[Source data]
==============================

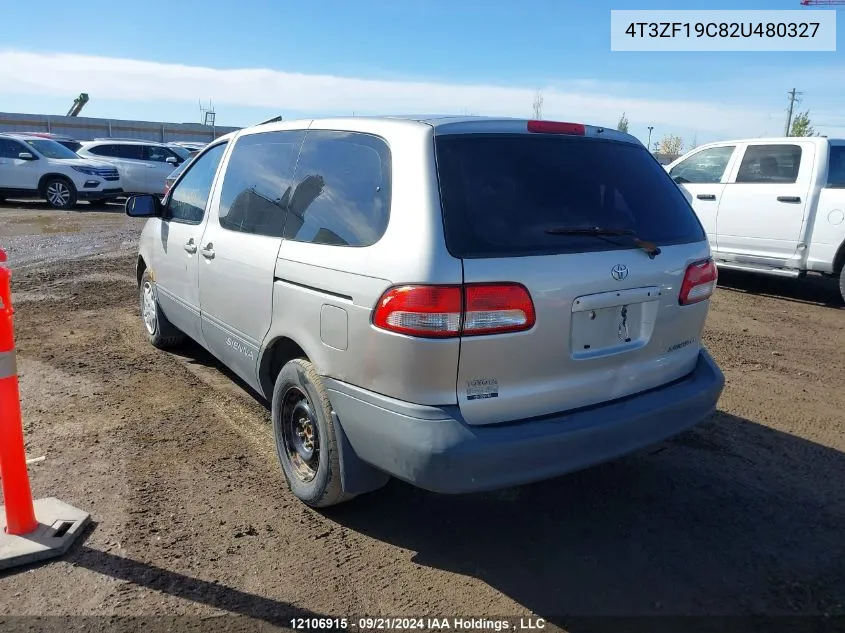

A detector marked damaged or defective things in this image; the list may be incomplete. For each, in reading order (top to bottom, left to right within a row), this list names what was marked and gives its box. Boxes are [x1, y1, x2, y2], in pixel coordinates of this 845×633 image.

dent on rear quarter panel [266, 119, 462, 404]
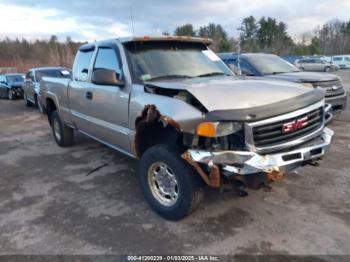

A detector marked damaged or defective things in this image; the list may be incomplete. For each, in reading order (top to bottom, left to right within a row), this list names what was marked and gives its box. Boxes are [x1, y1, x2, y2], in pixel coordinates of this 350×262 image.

crumpled hood [146, 76, 322, 112]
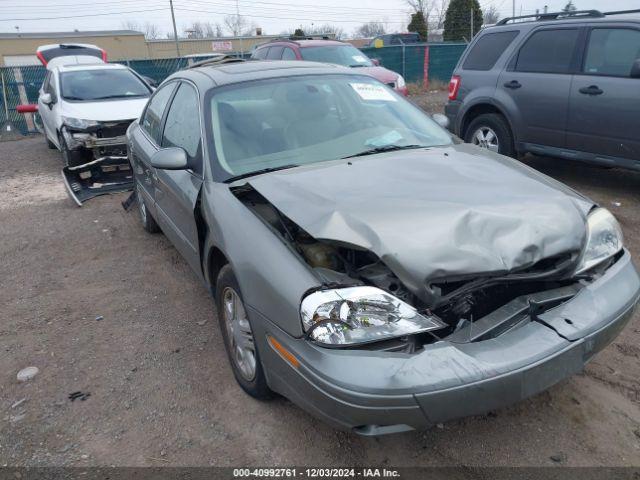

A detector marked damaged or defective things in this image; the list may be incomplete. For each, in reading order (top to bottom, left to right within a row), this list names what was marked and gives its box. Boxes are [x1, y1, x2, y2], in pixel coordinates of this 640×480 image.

broken headlight [300, 284, 444, 344]
damaged mercury sable [126, 60, 640, 436]
crumpled hood [248, 142, 592, 302]
broken headlight [576, 209, 624, 274]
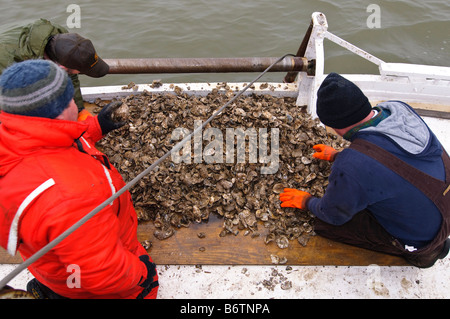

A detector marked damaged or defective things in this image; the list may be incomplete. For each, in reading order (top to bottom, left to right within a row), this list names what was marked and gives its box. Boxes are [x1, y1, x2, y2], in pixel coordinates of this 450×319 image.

rusty metal bar [105, 56, 310, 74]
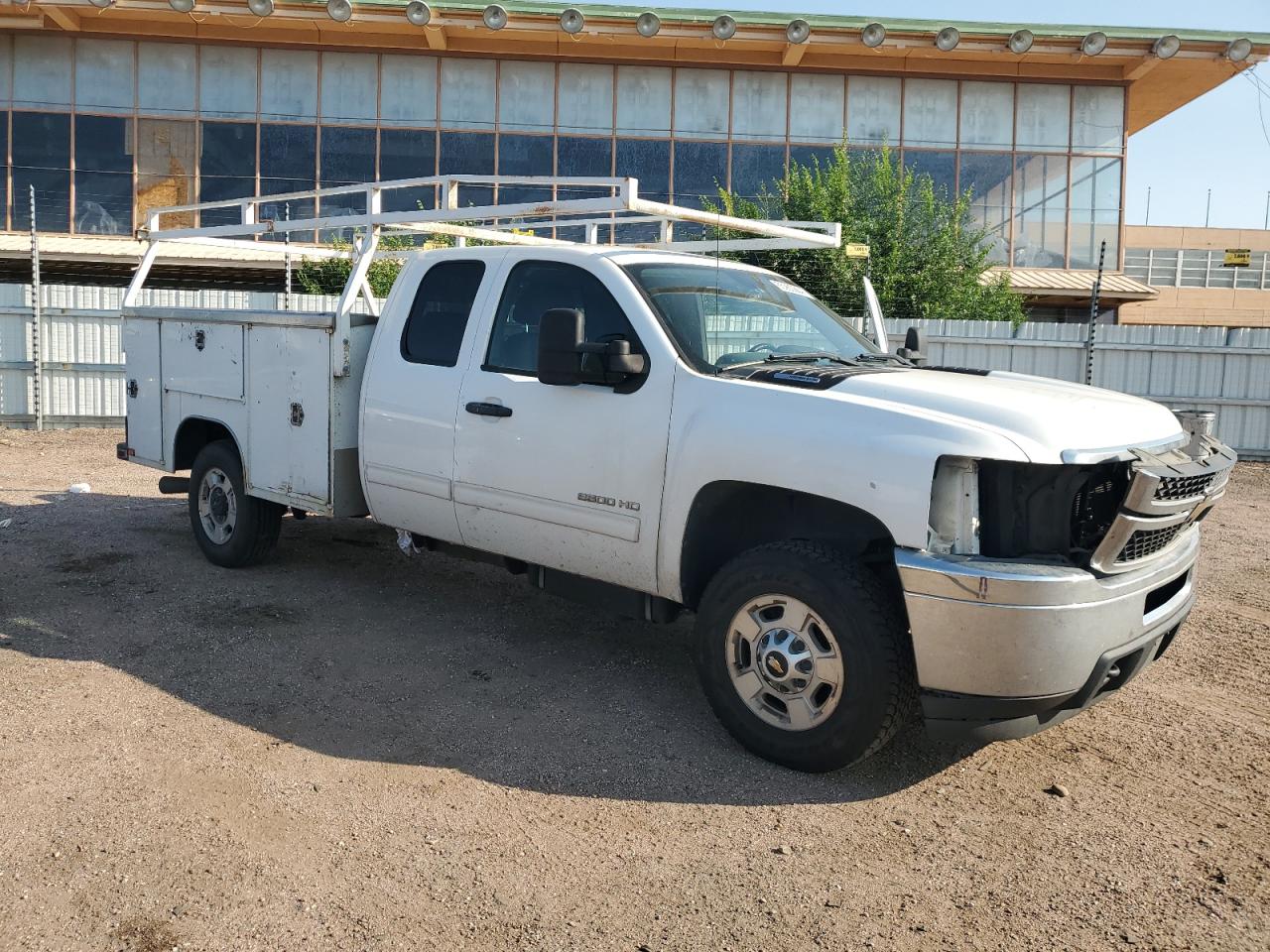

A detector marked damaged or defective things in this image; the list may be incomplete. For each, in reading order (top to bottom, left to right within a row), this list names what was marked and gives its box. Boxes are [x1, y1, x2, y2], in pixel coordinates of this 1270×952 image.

damaged headlight area [924, 456, 1132, 565]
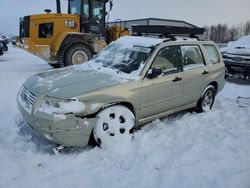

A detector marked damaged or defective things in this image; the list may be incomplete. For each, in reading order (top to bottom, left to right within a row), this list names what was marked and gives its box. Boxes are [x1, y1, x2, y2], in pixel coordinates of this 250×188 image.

damaged subaru forester [17, 35, 225, 147]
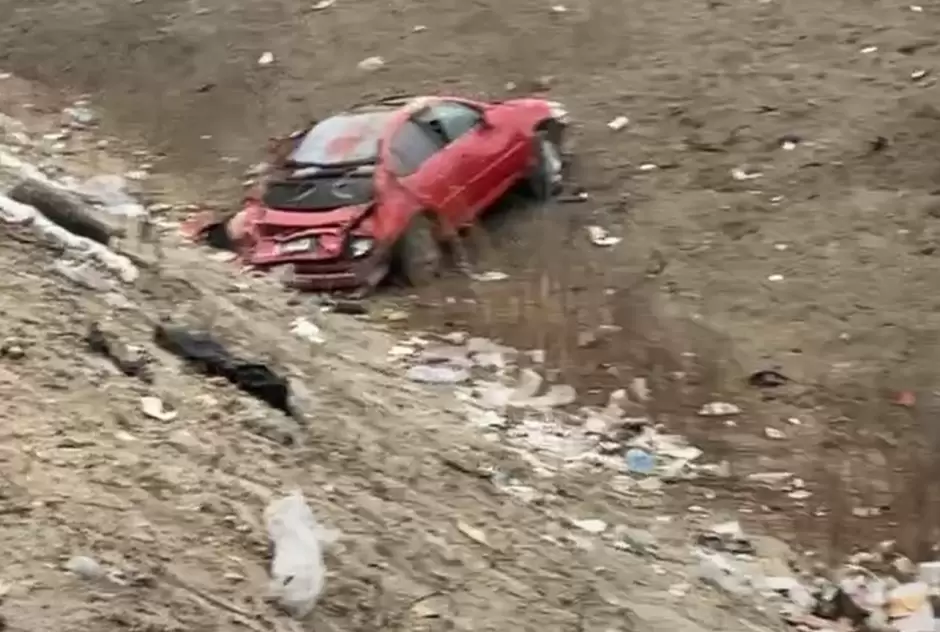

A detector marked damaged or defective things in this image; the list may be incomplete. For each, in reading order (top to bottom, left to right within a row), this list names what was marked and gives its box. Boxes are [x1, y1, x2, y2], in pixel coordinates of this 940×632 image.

broken windshield [288, 111, 394, 165]
crashed red car [186, 92, 564, 290]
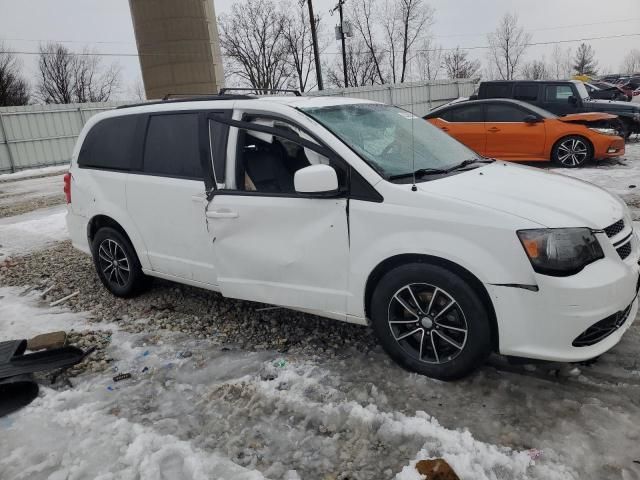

==============================

**REQUIREMENT**
Return the lines exactly, from the one containing "this 940×632 image." through the last line above, including both ends and excluding every picture.

**SOLUTION BELOW**
A detector marked damaged or defective things in this image; the list may be incomplete. For each, in reading order (top to bottom, left to right within a row), this list names what was marked and gives its box. Boxes are [x1, y1, x2, y2], in pixel coordinates of this 940×632 image.

broken windshield [288, 111, 394, 165]
crashed red car [186, 92, 564, 290]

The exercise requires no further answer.